Now it’s the Tour de Roof

Now it’s the Tour de Roof

Life cycle bannerThere are some extraordinary sights in Darlinghurst on a fairly regular basis but this bears sharing.

The girl who rents the roof-top studio apartment of our building is an avid cyclist with several bikes hanging on the wall of her room-with-a-stove-and-bathroom that she calls home next to the laundry. While hanging out my washing I found her on the flat roof with a bike on rollers, alongside her similarly mounted boyfriend, pedalling at a leisurely clip while watching a televised bike race. Both were in racing kit, black and white, with the de rigeur smattering of tags and logos that lycra seems prone too.
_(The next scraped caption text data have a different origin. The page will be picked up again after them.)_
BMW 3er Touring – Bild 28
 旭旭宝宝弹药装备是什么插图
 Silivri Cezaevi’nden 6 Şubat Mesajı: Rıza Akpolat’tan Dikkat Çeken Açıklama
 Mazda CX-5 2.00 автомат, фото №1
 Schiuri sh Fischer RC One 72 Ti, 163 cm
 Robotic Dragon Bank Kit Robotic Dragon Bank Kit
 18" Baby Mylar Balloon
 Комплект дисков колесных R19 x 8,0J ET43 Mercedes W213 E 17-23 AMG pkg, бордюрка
It was a clear blue sky day – more excellent for drying than riding nowhere, I suggested.

“No, no,” they cheerily replied to my chiding, “It’s a team thing.” They were interactively pedal pushing for a virtual 100kms!

That same strange day the national broadsheet’s glossy magazine ran an article headed “Reinventing the wheel’. My attention was drawn by an illustrated green bicycle wheel reminiscent of a time when this humble column had a heading.

It was a blurb lauding our City of Sydney’s $76 million expenditure on 200 km of comprehensive cycleways, 55km of which will be separated cycleways. The puff piece concluded – “ to prove the maxim of build it and they will come, bike shops are springing up everywhere”.

So we have Clover to thank for Tokyo Bike, which opened last Saturday in Marys Place near St. Margaret’s where construction of the Separated Bi-Directional Cycleway [aka ‘the unmentionable’] continues its grisly devastation of Bourke Street. A range of elegantly engineered and modishly coloured vehicles seemed suitable for hipsters wanting to be seen out and about on two wheels.

Entre nous, I suspect our Lord Mayor cannot take all the credit for cycling being fashionable. Just because she reinvented the wheel in an easy-to-fold polygonal mode does not mean the old round thing was not without its merits in the times B[efore]C[lover].